### Work instruction
Only the lines below from the one that holds "My Experience with" through the one that holds "Zasiłek po 75." should appear in the answer, copied exactly, end lines included and pictures omitted.

Collected data entries:
<<<<
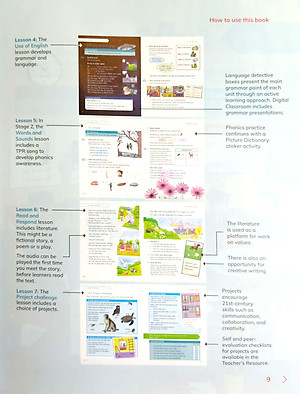 Cambridge Global English Learner's Book 2 With Digital Access (1 Year) 2nd Edition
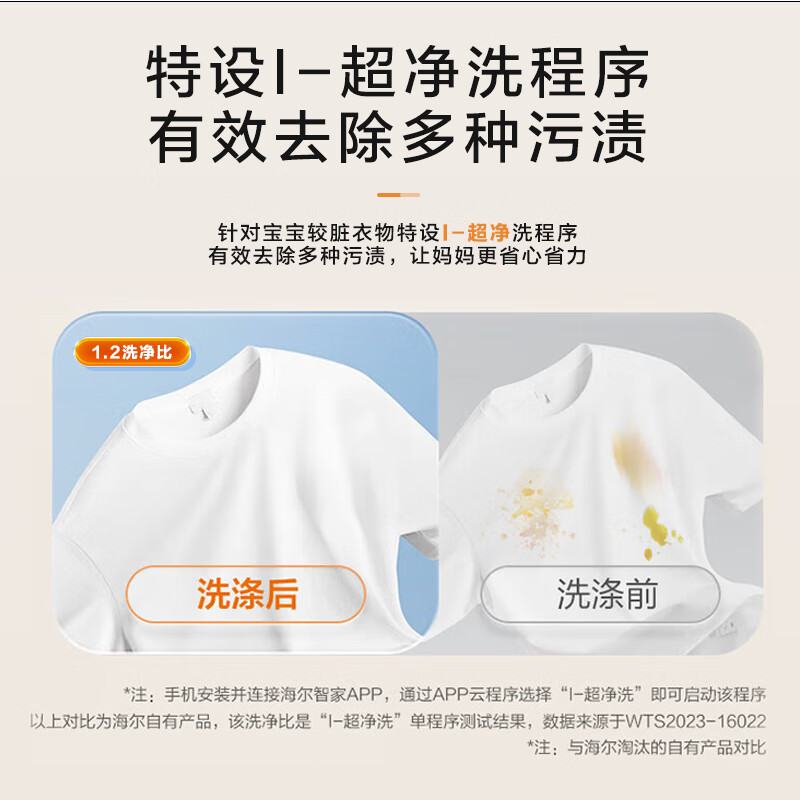 海尔XQGM30-B759U1洗衣机图片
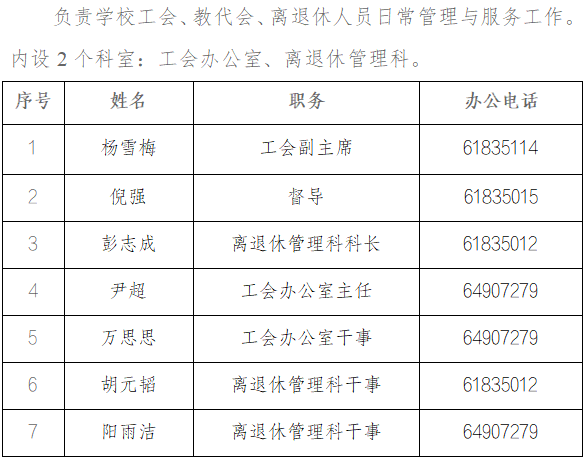 部门概况03.png
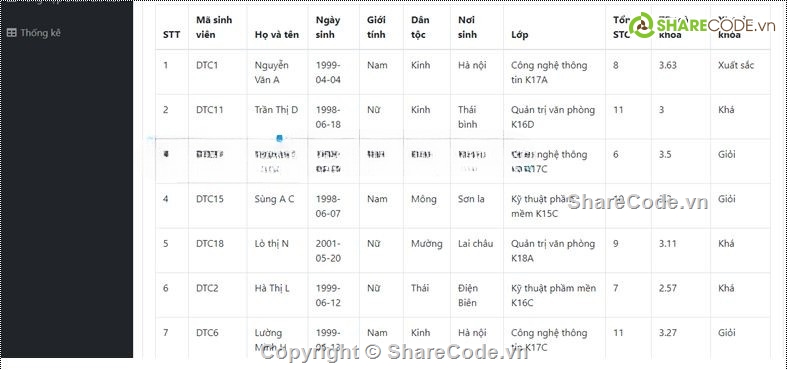 Website quản lý,Website php,php mvc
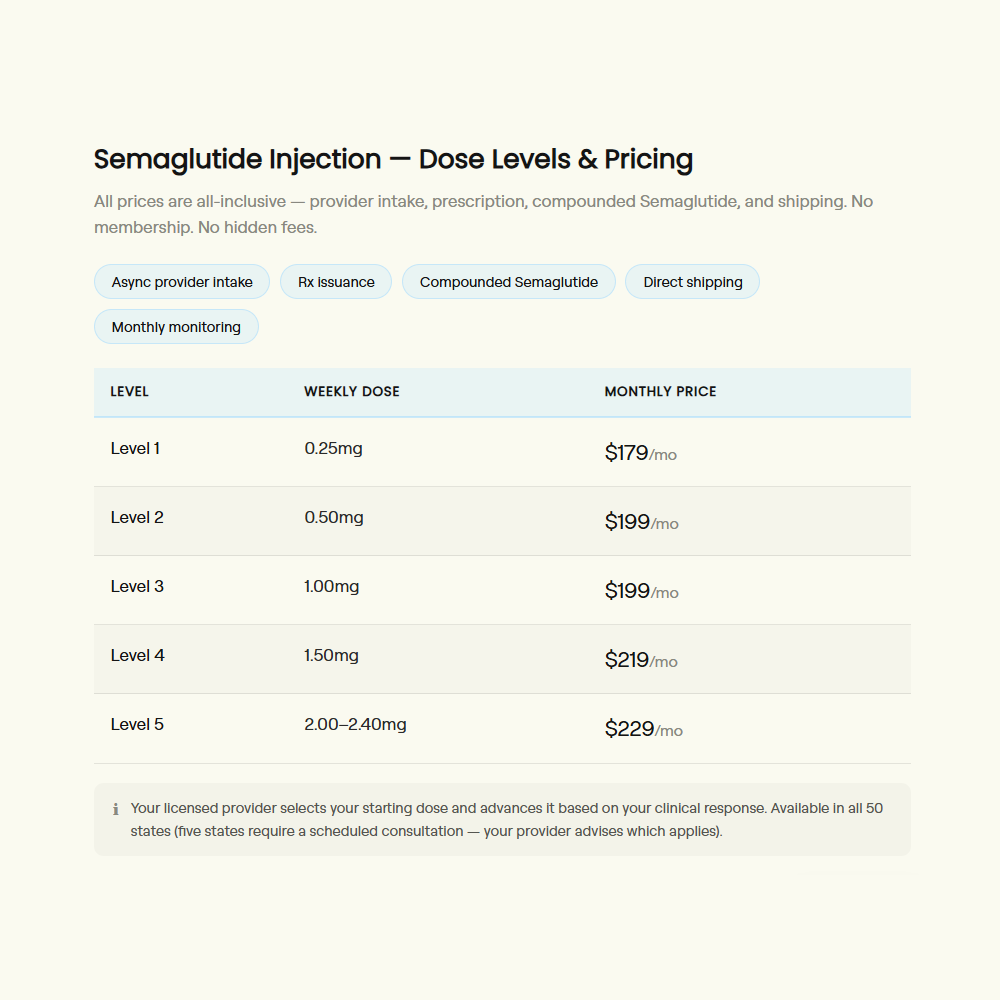 Table displaying Semaglutide injection dose levels and pricing on a white background.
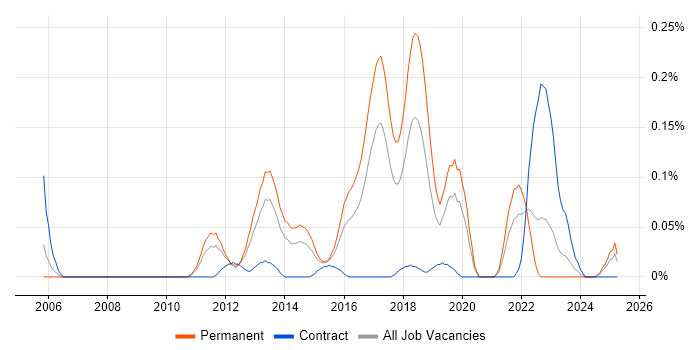 Job vacancy trend for Security Compliance Manager in the West Midlands Job vacancy trend for Security Compliance Manager in the West Midlands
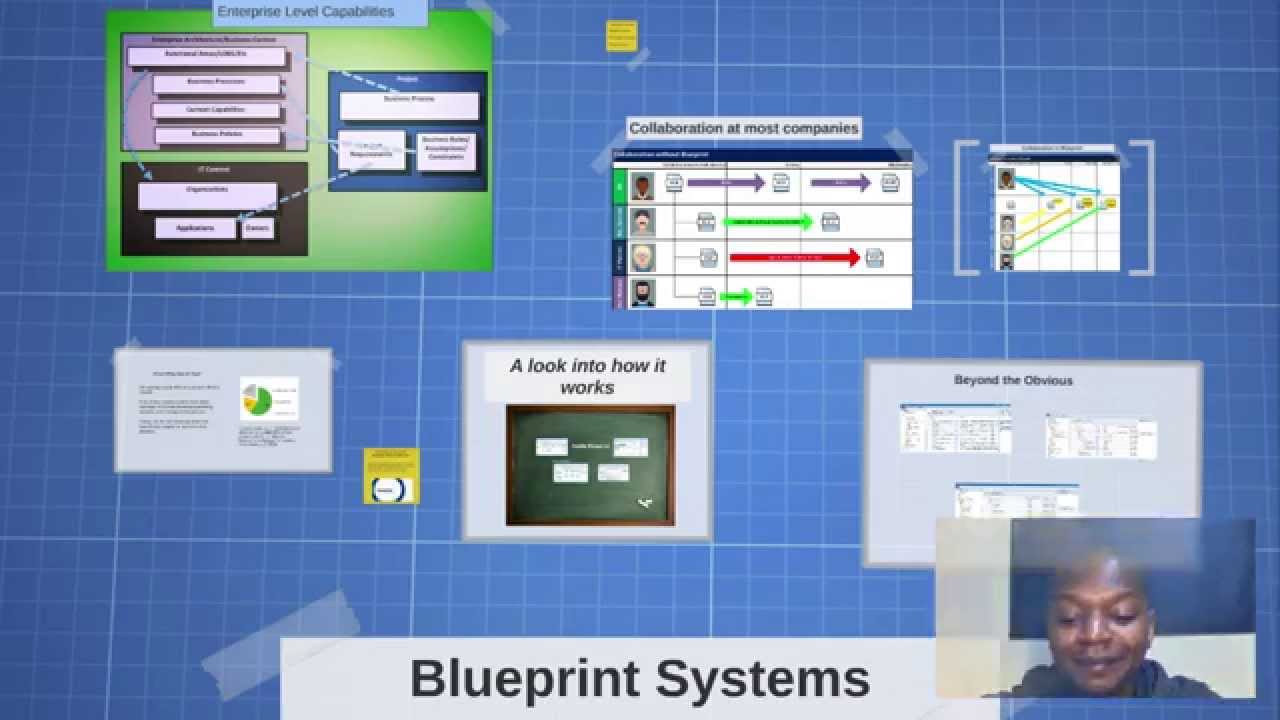 My Experience with Blueprint Systems: Requirements Management Software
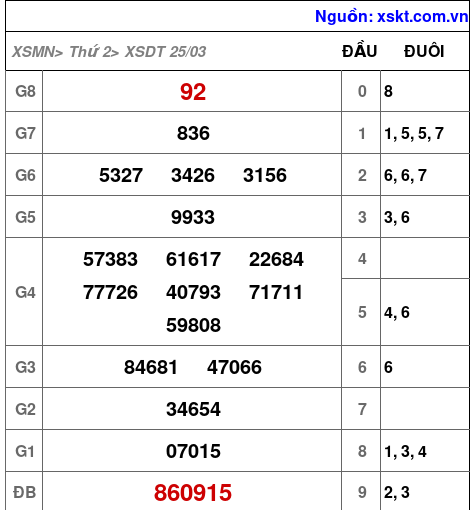 XSDT ngày 25-3-2024 XSDT ngày 25-3-2024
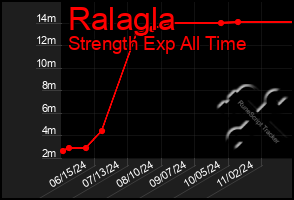 Total Graph of Ralagla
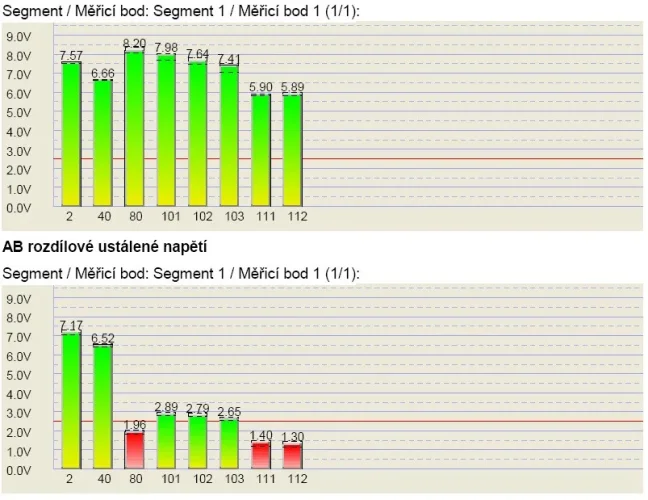 PROFIBUS TESTER A ANALYZÁTOR PROFITRACE 2, FOXON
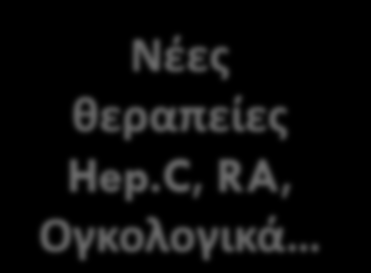 Με αποτέλεσμα η δημόσια φαρμακευτική δαπάνη να επιστρέφει 13 χρόνια πίσω Νέες θεραπείες Hep.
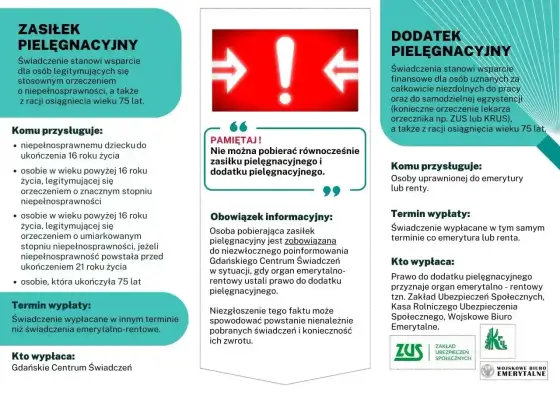 Zasiłek po 75. roku życia - ile wynosi i komu przysługuje?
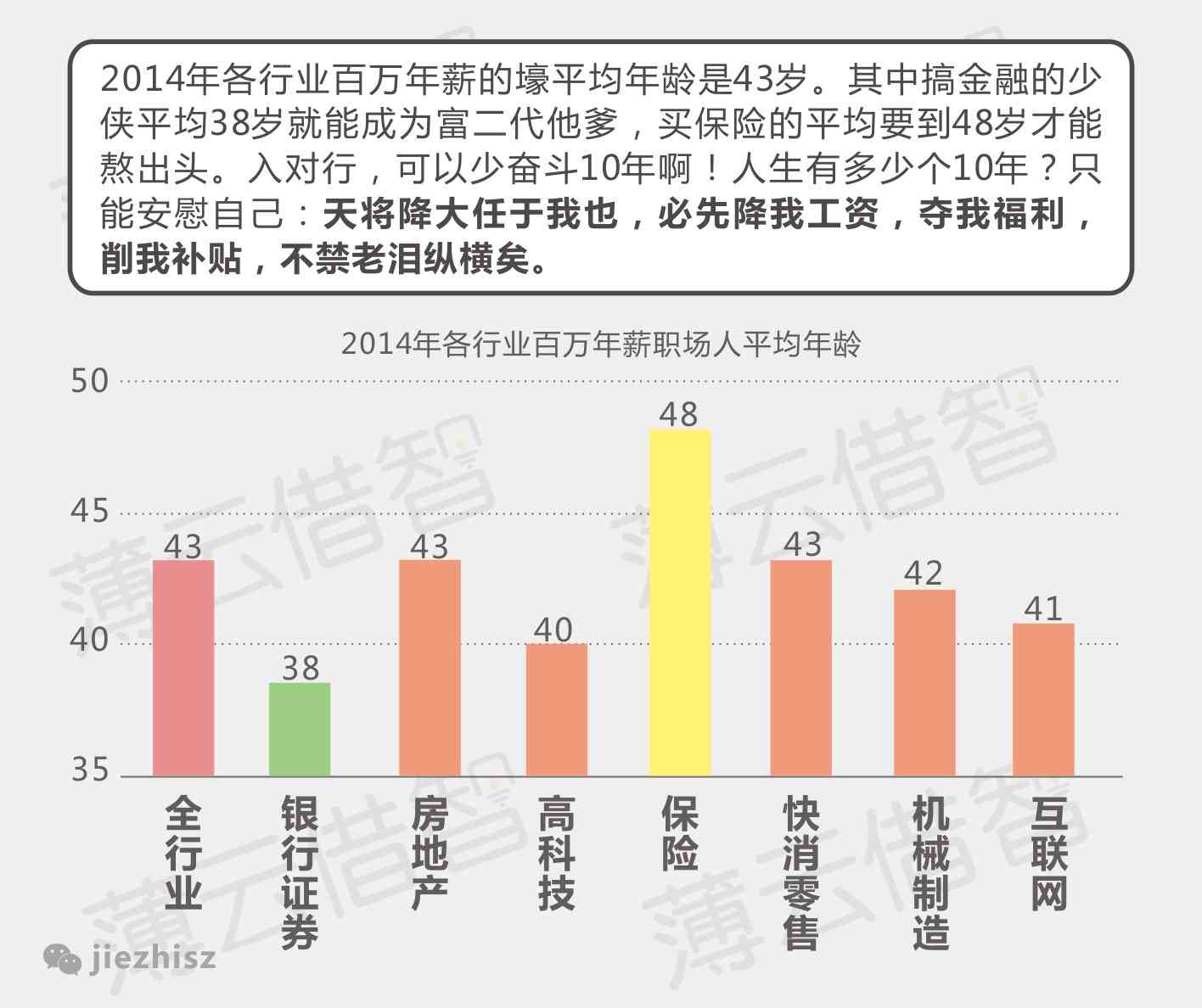 ai怎么兼职赚钱：普通人利用AI实现收入增长的方法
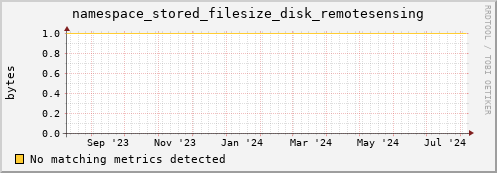 shark6.mgmt.grid.surfsara.nl namespace_stored_filesize_disk_remotesensing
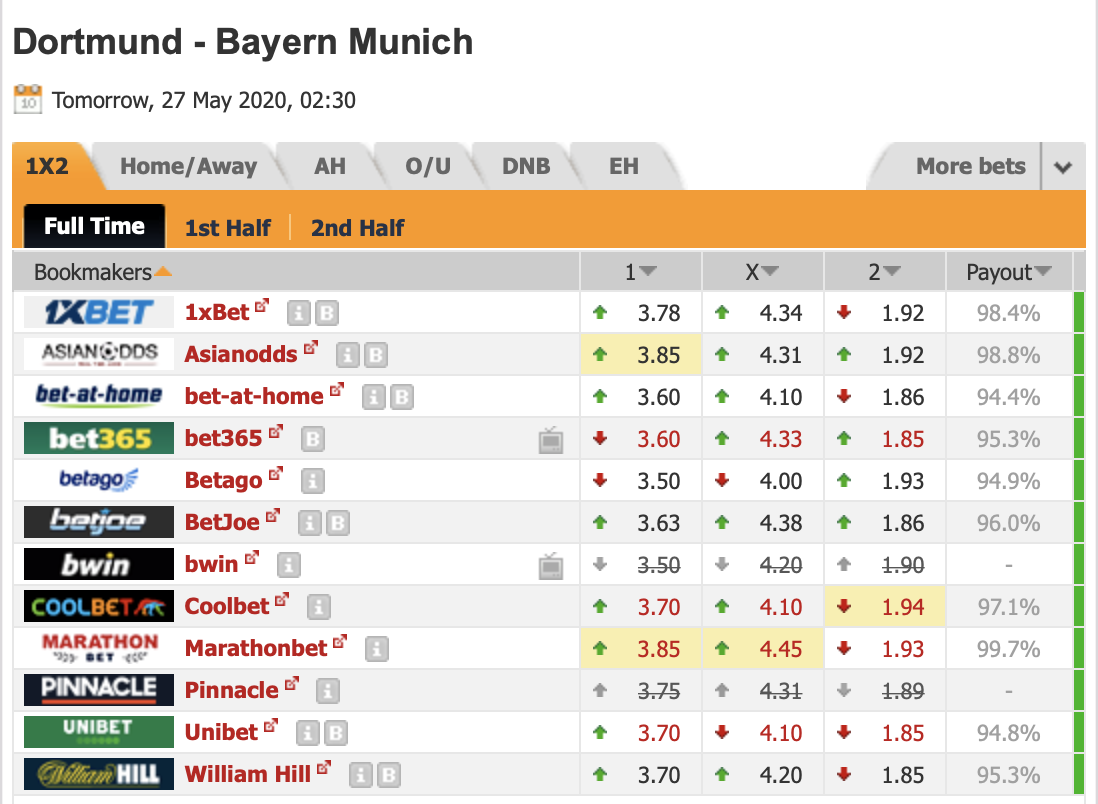 Photo: how to calculate value for sports betting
>>>>
### Written reply
 My Experience with Blueprint Systems: Requirements Management Software
 XSDT ngày 25-3-2024 XSDT ngày 25-3-2024
 Total Graph of Ralagla
 PROFIBUS TESTER A ANALYZÁTOR PROFITRACE 2, FOXON
 Με αποτέλεσμα η δημόσια φαρμακευτική δαπάνη να επιστρέφει 13 χρόνια πίσω Νέες θεραπείες Hep.
 Zasiłek po 75. roku życia - ile wynosi i komu przysługuje?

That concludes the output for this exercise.